Conservatives have argued that unlimited state and local deductions amount to a federal subsidy for the wealthy in high-tax states like New York, New Jersey and California. But many middle class families in those states face disproportionately high housing costs and depend on deducting their state and local taxes. These households could soon pressure states and localities to ease their burden by cutting taxes — which would likely force cuts to social programs and public services.
Some Republicans in high-tax states resisted their party’s cap on local and state deductions. Two of them — Reps. Darrell Issa of California and Lee Zeldin of New York — oppose the overall tax measure because of the likelihood that it would hurt their constituents. And despite Republican arguments to the contrary, high-tax states already tend to send more money to Washington than they receive back in federal spending.
“On balance, this bill remains a geographic redistribution of wealth — taking extra money from a place like New York to pay for deeper tax cuts elsewhere,” Zeldin said. “This bill chooses winners and losers in a way that could have and should have been avoided.”
More than 73 percent of homeowners in Westchester County just north of New York City face property taxes alone that exceed $10,000. This means they couldn’t deduct any state or local income taxes. The same is true of half of Manhattan homeowners, a quarter of those in San Francisco, 17 percent of suburban Chicago homeowners and 10 percent of those in Arlington, Virginia, just outside of Washington, D.C., according to figures tracked by Attom Data Solutions.
The limit on the deduction could lead taxpayers there to demand lower taxes or to reject any additional funding requests for state pensions, schools, public safety and health services. What’s more, a separate provision in the Republican tax bill would no longer subsidize employers that help their employees pay their commuter costs. This change will likely increase the cost of public transit for riders.
The overall tax bill would impose new costs on many taxpayers that would outweigh any savings on federal taxes, argues Matthew Chase, executive director of the National Association of Counties.
“We don’t see it as a net gain for taxpayers,” Chase said. “They want to strangle our revenue sources.”
The National Education Association, a teachers union, estimated that the cap on state and local deductions could put at risk $15.2 billion in annual public school spending, or $304 per pupil. Marc Egan, the association’s director of government relations, said the change could discourage local governments from investing in education and might eventually depress economic growth.
“We’re always making the case that investing in education is a common-sense way to grow the economy,” Egan said. “Why Congress continues to resist that on a number of fronts is a mystery.”

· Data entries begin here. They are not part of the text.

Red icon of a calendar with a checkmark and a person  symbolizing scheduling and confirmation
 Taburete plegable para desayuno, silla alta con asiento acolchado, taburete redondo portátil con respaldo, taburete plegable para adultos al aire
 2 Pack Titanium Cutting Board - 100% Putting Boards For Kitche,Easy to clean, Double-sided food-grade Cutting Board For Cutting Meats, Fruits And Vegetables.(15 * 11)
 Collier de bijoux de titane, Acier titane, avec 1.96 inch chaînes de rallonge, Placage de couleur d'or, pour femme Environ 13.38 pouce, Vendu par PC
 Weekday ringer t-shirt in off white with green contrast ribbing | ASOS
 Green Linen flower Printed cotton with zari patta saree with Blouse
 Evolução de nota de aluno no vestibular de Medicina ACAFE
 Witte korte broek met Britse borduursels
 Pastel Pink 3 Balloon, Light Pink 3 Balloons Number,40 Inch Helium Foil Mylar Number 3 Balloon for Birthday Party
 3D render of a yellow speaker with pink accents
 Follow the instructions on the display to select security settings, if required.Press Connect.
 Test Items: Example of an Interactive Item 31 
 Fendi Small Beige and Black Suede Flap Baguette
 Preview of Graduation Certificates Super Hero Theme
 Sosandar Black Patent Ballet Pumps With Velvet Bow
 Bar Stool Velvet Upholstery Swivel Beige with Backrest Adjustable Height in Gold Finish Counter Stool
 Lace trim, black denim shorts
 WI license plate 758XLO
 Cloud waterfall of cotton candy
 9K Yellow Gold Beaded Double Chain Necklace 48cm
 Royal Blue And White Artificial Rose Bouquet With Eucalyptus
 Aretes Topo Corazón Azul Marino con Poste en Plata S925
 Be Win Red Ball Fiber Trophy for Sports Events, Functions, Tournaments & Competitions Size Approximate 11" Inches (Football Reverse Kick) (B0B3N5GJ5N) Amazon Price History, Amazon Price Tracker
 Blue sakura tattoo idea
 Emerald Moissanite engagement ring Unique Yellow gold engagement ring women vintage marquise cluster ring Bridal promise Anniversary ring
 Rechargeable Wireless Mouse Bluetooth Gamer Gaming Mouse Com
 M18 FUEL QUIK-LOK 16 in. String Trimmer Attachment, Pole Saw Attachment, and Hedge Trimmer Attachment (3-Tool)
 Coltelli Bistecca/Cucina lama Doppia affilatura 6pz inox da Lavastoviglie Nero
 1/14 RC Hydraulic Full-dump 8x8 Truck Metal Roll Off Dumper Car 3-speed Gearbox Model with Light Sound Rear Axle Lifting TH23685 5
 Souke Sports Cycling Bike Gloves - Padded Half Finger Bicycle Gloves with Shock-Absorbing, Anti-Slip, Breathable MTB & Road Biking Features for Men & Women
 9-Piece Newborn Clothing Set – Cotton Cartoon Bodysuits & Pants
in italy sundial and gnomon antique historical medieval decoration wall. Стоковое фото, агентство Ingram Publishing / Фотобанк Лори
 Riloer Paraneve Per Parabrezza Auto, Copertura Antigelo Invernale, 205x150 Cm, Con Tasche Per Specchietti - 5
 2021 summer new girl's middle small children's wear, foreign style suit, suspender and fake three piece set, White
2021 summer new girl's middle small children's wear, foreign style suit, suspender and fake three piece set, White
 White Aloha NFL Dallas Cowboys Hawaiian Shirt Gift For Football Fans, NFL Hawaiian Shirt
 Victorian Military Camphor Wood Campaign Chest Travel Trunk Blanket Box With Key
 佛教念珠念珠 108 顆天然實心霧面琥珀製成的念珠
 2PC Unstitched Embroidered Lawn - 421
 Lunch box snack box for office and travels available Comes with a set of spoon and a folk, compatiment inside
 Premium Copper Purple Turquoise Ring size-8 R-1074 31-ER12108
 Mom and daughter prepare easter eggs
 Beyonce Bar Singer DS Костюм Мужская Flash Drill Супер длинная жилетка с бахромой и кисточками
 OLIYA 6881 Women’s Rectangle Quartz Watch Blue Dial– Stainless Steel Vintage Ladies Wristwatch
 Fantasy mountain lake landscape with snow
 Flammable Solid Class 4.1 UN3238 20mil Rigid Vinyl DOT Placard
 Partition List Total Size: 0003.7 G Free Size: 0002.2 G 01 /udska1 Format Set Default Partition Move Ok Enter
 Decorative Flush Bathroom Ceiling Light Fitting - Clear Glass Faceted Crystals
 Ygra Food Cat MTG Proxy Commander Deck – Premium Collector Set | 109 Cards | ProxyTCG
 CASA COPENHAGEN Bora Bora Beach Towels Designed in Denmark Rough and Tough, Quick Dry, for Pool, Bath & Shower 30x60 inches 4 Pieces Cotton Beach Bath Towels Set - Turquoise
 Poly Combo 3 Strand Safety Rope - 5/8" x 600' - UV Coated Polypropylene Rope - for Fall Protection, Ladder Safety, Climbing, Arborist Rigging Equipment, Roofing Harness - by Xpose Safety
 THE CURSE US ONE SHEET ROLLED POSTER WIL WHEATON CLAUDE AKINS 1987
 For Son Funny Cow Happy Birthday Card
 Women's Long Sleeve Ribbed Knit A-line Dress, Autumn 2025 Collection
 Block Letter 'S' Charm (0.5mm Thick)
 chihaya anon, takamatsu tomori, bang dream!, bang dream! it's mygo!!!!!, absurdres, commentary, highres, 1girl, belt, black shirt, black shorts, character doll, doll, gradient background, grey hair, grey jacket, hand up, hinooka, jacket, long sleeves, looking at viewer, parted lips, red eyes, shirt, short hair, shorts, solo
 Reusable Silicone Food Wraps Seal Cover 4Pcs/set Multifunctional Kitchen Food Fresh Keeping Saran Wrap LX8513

Even as Republicans in Congress decided to cap the state and local tax deduction for households at $10,000, their tax bill will continue to allow corporations to deduct their state and local taxes as a business cost.
Since the federal income tax code was introduced in 1913, Americans have been allowed to exclude the taxes they pay to state and local governments. Roughly a third of taxpayers have enough expenses to itemize their deductions. And nearly all who do so deduct their state, local and property taxes. These deductions have helped make it affordable for cities and states to fund school systems, health care services and police forces, while making it more acceptable for a community’s richest households to pay taxes that can help the poorest.
The Republican tax bill nearly doubles — to $24,000 — a family’s standard deduction, which goes to taxpayers who don’t itemize their deductions. So there would automatically be fewer people who would deduct their state and local taxes. But in addition, many households in high-tax states could no longer itemize their deductions because of the new cap on state and local taxes. This could reduce the perceived value of these taxes and incentivize voters to push for lower state and local taxes — a stated goal of some conservatives.
Gov. Bill Haslam has said he thinks the tax overhaul could encourage more people to move from high-tax states to his state of Tennessee, which charges no state income tax.
“We think it actually will encourage both investment growth and population growth in Tennessee,” Haslam said.
High-tax states are already considering adjustments to their policies. Steve Sweeney, president of the New Jersey Senate, has warned that the bill could derail his state’s planned tax increase on millionaires. That idea, estimated to generate about $600 million in revenue, is a central pledge of Democratic Gov.-elect Phil Murphy’s agenda to help raise pension payments and school funding. Murphy has said he is still committed to the tax hike on wealthy earners. But if lawmakers now balk, its prospects become more problematic.
California lawmakers are considering ways to restructure the state’s tax code to limit the impact on its taxpayers, said Assemblyman Phil Ting, a San Francisco Democrat. Speculation has centered on reducing income taxes and raising payroll taxes — in effect, shifting some of the state tax burden from workers to employers.
“We’re looking at a variety of alternatives,” Ting said.
Allowing up to $10,000 of state and local taxes to continue to be deducted, he said, “takes it from horrible to slightly less horrible.”